■ Material provided
######
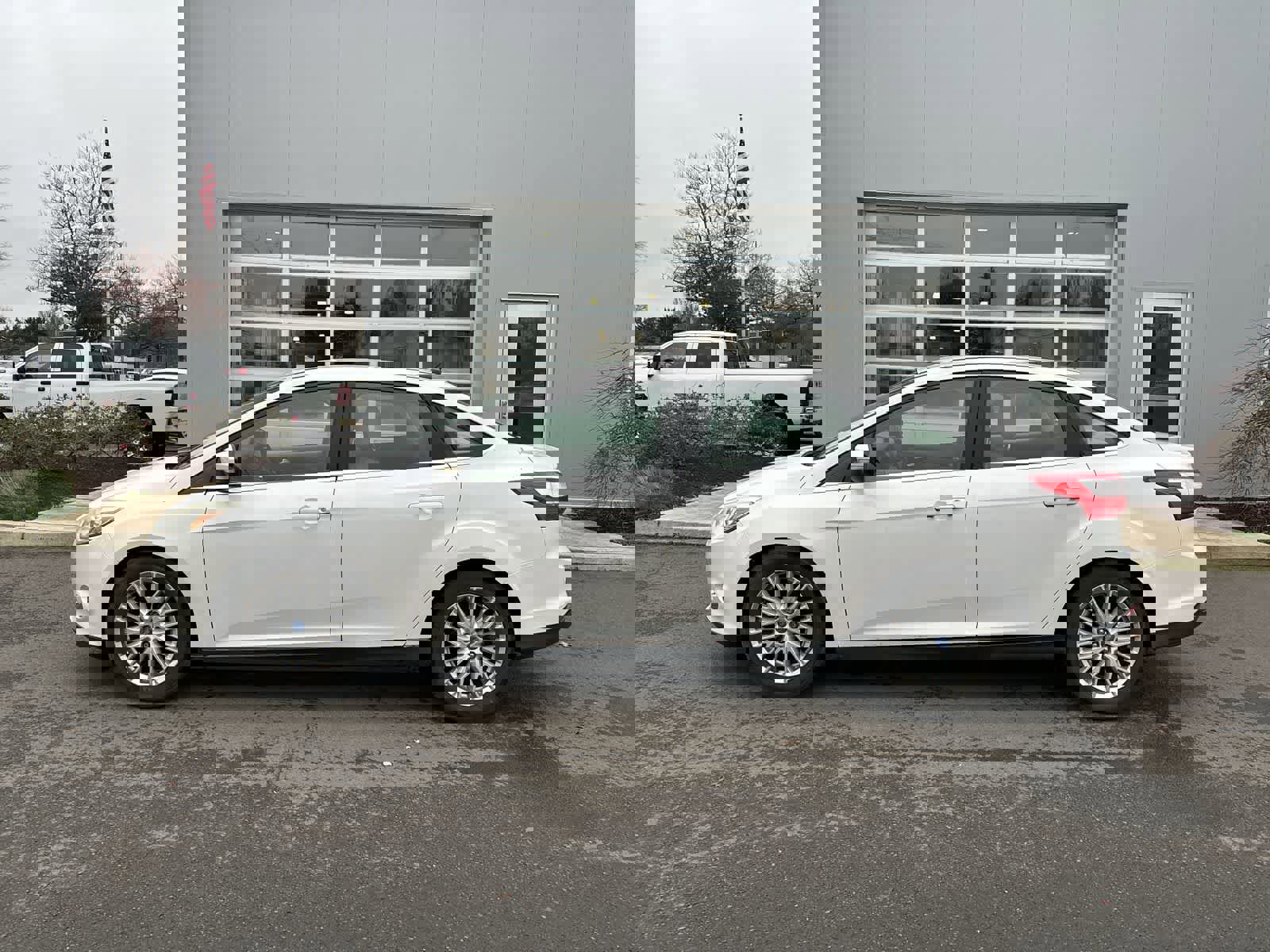 Used 2012 Ford Focus SEL image 2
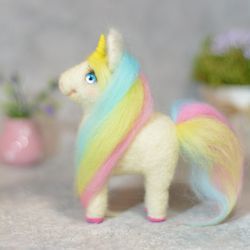 Felt unicorn / Unicorn figurine with rainbow mane and tail/Unicorn sculpture/Unicorn toy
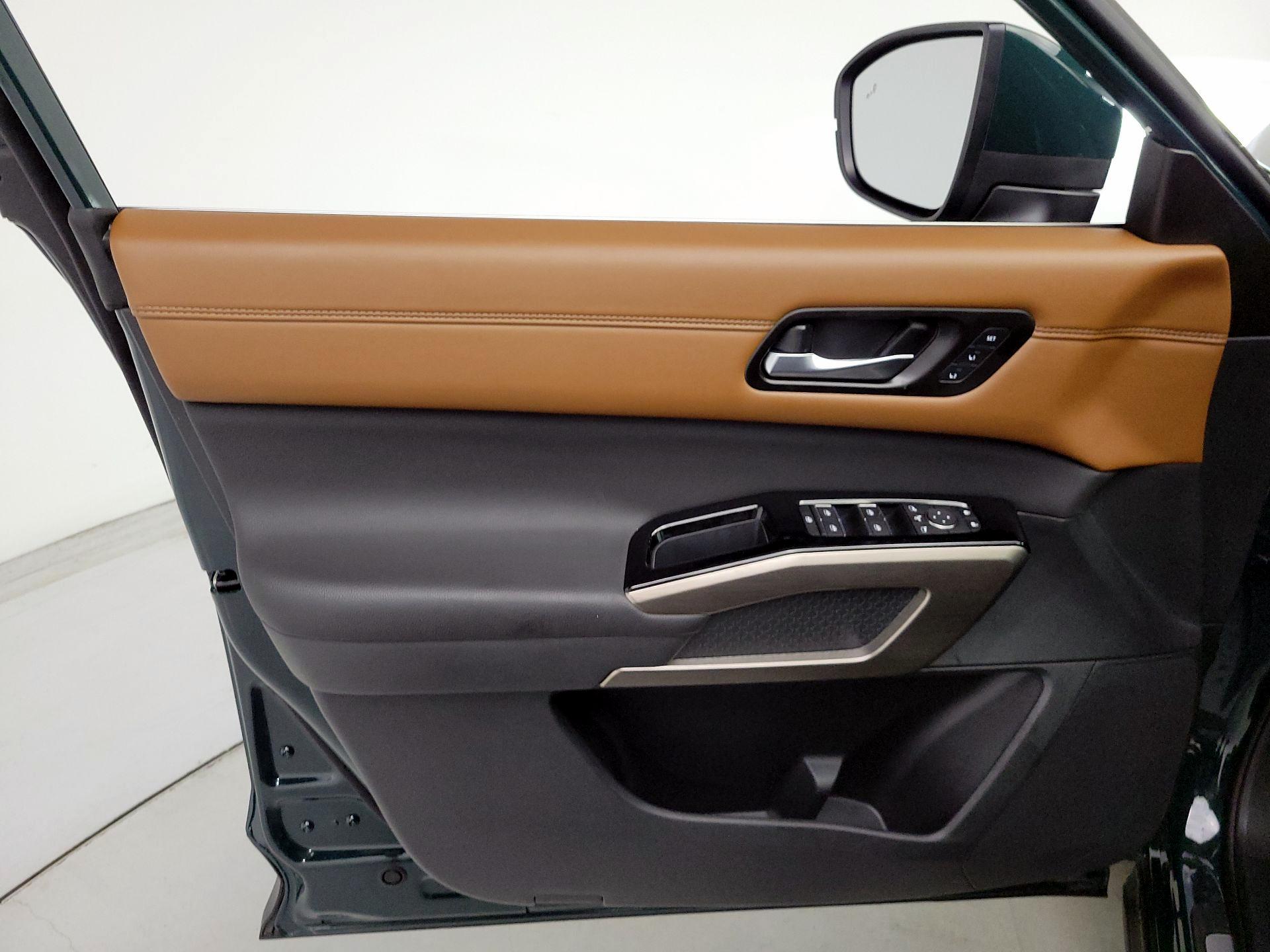 Thumbnail: 2025 Nissan Pathfinder - 12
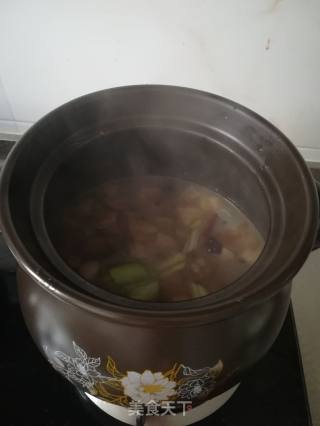 冬瓜红烧肉的做法步骤：6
######
■ Task brief
Only the pictures are to be left out; copy all the remaining material above exactly.

■ Worked solution
 Used 2012 Ford Focus SEL image 2
 Felt unicorn / Unicorn figurine with rainbow mane and tail/Unicorn sculpture/Unicorn toy
 Thumbnail: 2025 Nissan Pathfinder - 12
 冬瓜红烧肉的做法步骤：6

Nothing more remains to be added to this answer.